Le 14 décembre, Nantua était attaquée par la gestapo, qui a fait un nombre important de victimes. les obsèques ont eu lieu le 17, et nous avons été emmenés et placés en groupes sur la route qui conduit à Nantua pour interdire toute circulation.

Jusqu’à Noël, nous avons passé notre temps en patrouilles, positions et garde du camp.

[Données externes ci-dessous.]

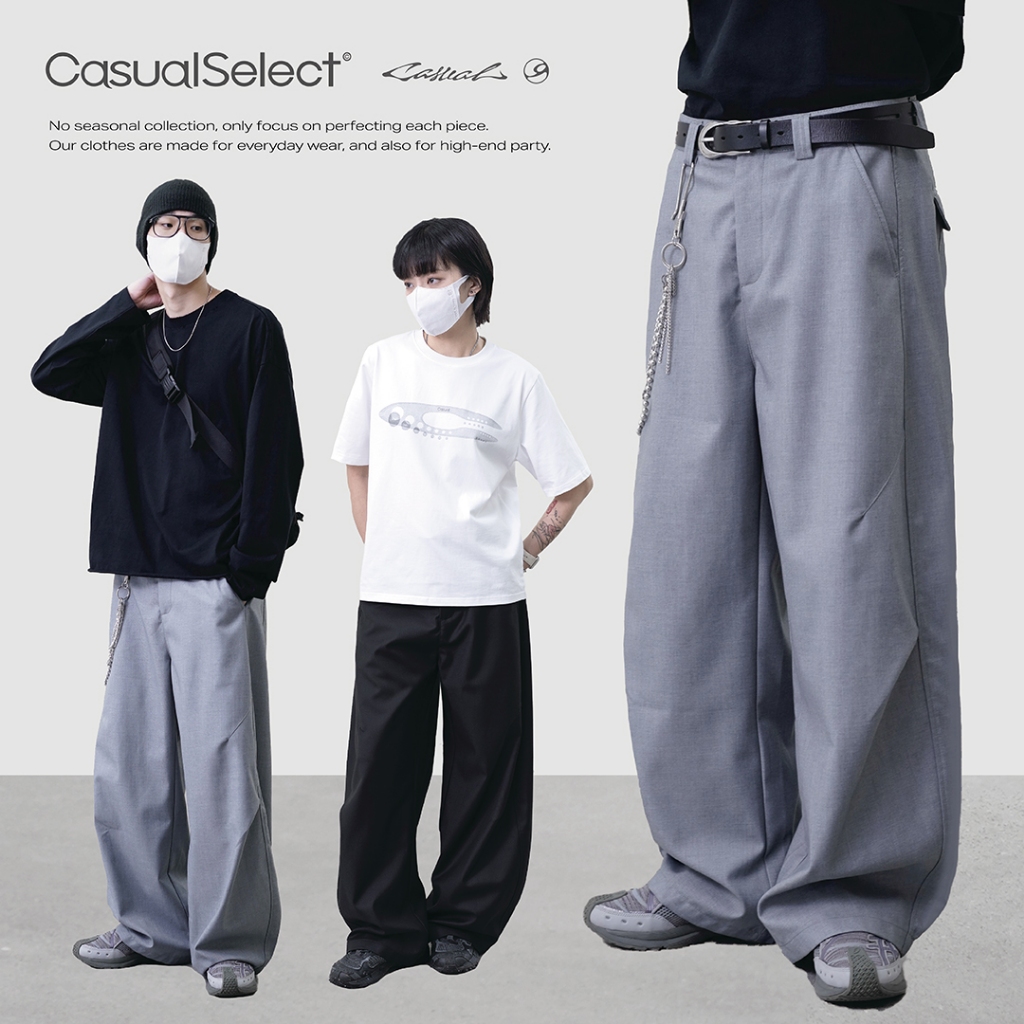 「開久 Casual」L72 彎刀打褶落地褲 日系 高規 西裝褲 寬褲 落地褲 闊腿褲 長褲男 彎刀褲 抗皺 垂墜感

Pour fêter Noël, nous sommes allés près de Pré-Carré avec Nicole et son groupe de Français dont Jacques Therand et notre groupe polonais, Léon, Joseph, Max, Jean et moi. Il y avait aussi Verduraz et son groupe. Nous avons été reçu par le Colonel Romans-Petit et une nombreuse assistance en civil autour d’une table garnie.
Le groupe Verduraz présentait une comédie jouée par ses hommes, un comique imitateur violoniste et quatre Russes, qui ne sachant aucun autre chant, ont chanté dans leur langue l’Internationale d’une voix puissante et grave et le poing levé.
Nous, Polonais, nous sommes venus plusieurs fois, pour chanter en polonais l’hymne national, un chant de Noël et un chant dédié à nos mères, composé par nous.
Ne sachant pas encore parler français et le comprenant à peine, c’est Jacques Thérand qui nous présentait à l’assistance. Tous les participants furent beaucoup applaudis. C’était une fête simple et gaie.

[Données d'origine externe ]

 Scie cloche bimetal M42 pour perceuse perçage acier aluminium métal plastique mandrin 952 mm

Les trois jours suivants ont été calmes.

Le 30 et 31 décembre, notre groupe français-polonais dirigé par Nicole est parti en camion. Nous étions armés et nous avons roulé pendant deux heures jusqu’à une route droite où nous avons mis le camion en travers. L’un de nous a grimpé sur un poteau télégraphique pour relier le téléphone portatif, afin d’appeler les G.M.R. en simulant une attaque du Maquis. Il était prévu de les attirer pour les prendre comme prisonniers et de les échanger contre les nôtres. Toutefois nous avions reçu l’ordre de ne pas tirer sauf pour se défendre le cas échéant. Nous nous étions mis dans le fossé en embuscade de chaque côté de la route. Un camion est arrivé presque aussitôt et a dû stopper devant notre camion qui barrait la route.
Nous avons bondi et l’avons encerclé pour demander à ses occupants de se rendre. Mais le fusil-mitrailleur posté sur leur camion a commencé à nous mitrailler tandis que le chauffeur faisait marche arrière de quelques mètres.
Rejoignant notre fossé, nous avons ouvert le feu à notre tour à trois ou quatre mètres de distance les uns des autres.
Et tout à coup, silence absolu. Nous avons vu alors arriver au loin les phares de plusieurs autres camions…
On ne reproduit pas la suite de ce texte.